In a survey conducted last year by the Okinawa History Education Research Association targeting roughly 1,600 second-year high school students in the prefecture, only about 60% correctly identified that 2023 marked 78 years since the end of the war. Furthermore, just 48.1% knew the significance of June 23rd as Okinawa’s Memorial Day.
"Students have a strong desire to learn," explained Toshiaki Ara, visiting professor at Okinawa University, who has led the high school surveys for 30 years. "But since they are not taught in school, they lack even these basic facts. Their awareness is high, but their knowledge is low."
Ara has spent decades promoting improved peace education in schools, emphasizing the importance of training teachers who can thoroughly convey Okinawa's history. "Japan’s postwar history isn’t being adequately taught. In particular, if the reversion movement isn’t covered, students won’t understand the fundamental issue of why military bases remain in Okinawa."
Kinjo from Ura High School, who has collaborated on the long-running survey, highlighted the challenges teachers face: "Given heavy workloads and slow progress on work-style reforms, teachers struggle to find time to prepare lesson materials." Peace education is not clearly positioned in school curricula or teaching guidelines, and according to prefectural data, over 80% of schools in Okinawa allocate only one or two days a year to peace education.

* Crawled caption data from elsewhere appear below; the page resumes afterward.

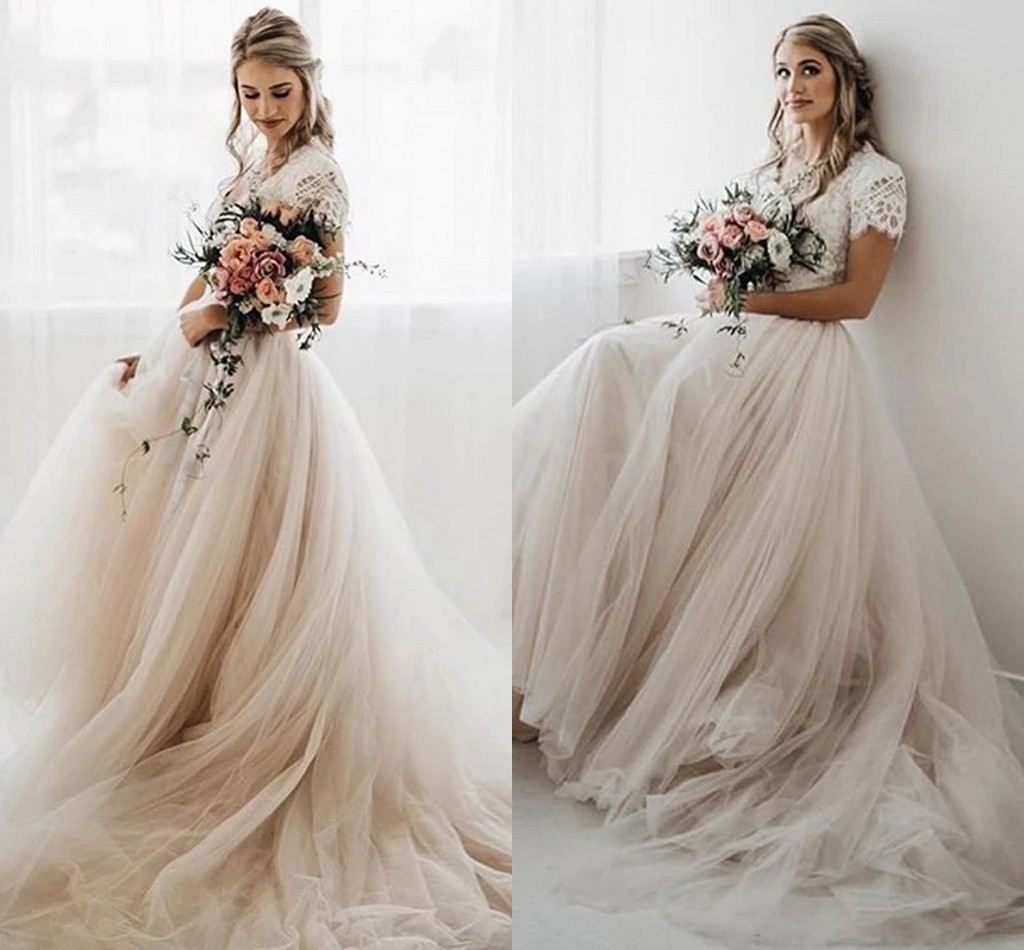 Romantic Tulle A Line Wedding Gowns Lace Appliqued Short Sleeves V Neck Vestidos De Novia Sweep Train Vintage Boho Garden Country Brides Marriage Robes AL9217, Champagne
Romantic Tulle A Line Wedding Gowns Lace Appliqued Short Sleeves V Neck Vestidos De Novia Sweep Train Vintage Boho Garden Country Brides Marriage Robes AL9217, Champagne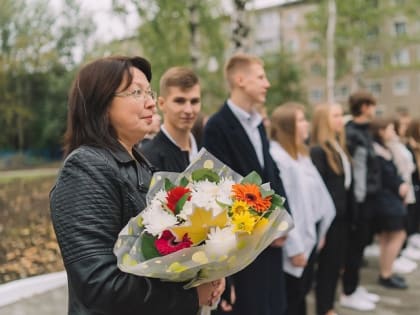 Учреждены премии учителям за высокие результаты ЕГЭ по математике и физике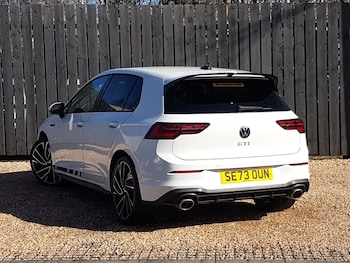 Used Volkswagen Golf 2023 for sale - 78013567: Photo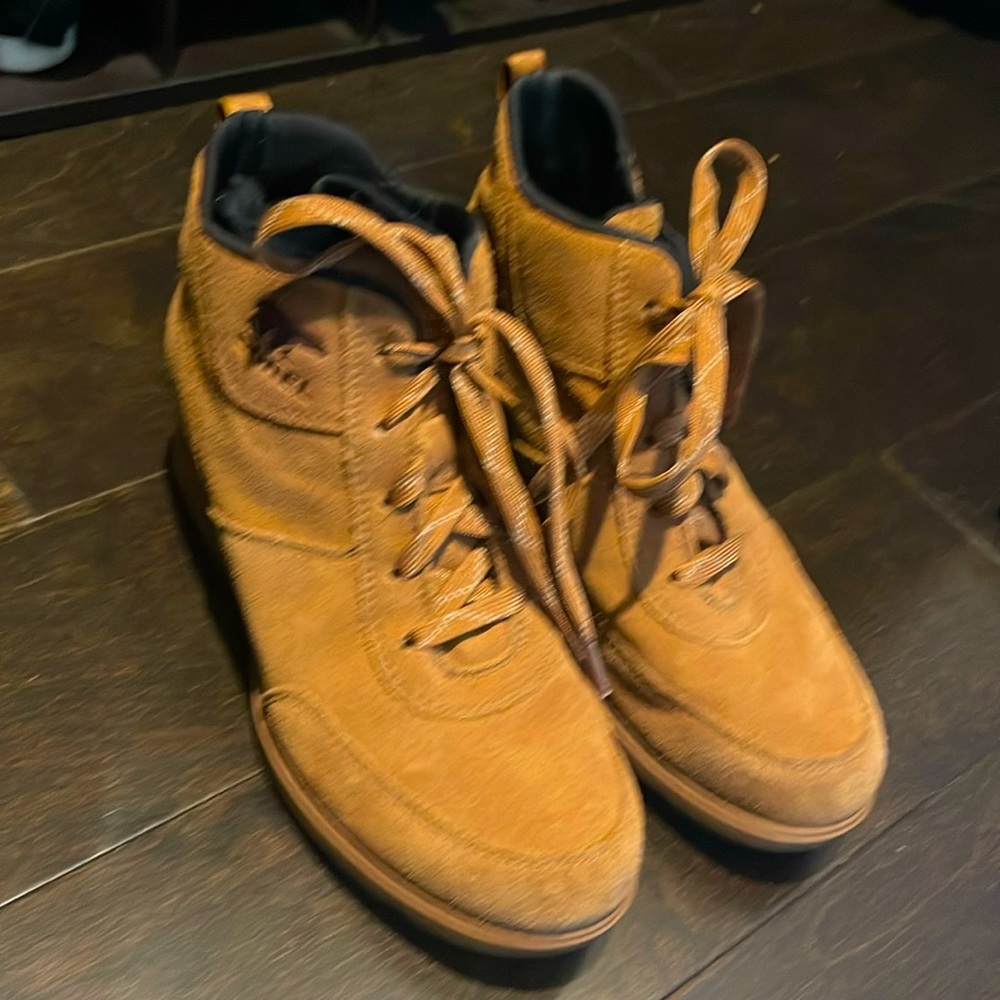 Sorel Evie Boots size 7.5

Amid these constraints, some high school students have stepped forward to take responsibility for peace education themselves, forming groups to organize and conduct peace-learning activities. "We want younger students to think about how issues of peace are not just matters between nations but exist around them as well," said one student leader.
At Shuri High School, a student-led group supports peace learning for younger students. Ahead of the workshop at Haebaru Junior High, members repeatedly discussed how to help participants see the Battle of Okinawa as a personal issue. "We want them to think about what choices they would make, what their friends would do, and how they might act in that situation," one student explained.
The workshop invited students to step into the shoes of wartime Okinawan residents, making life-and-death decisions such as whether to follow evacuated family members to the north or hide alone in the mountains. Through this simulation, students confronted the unimaginable circumstances faced at the time and reflected deeply on the meaning of peace.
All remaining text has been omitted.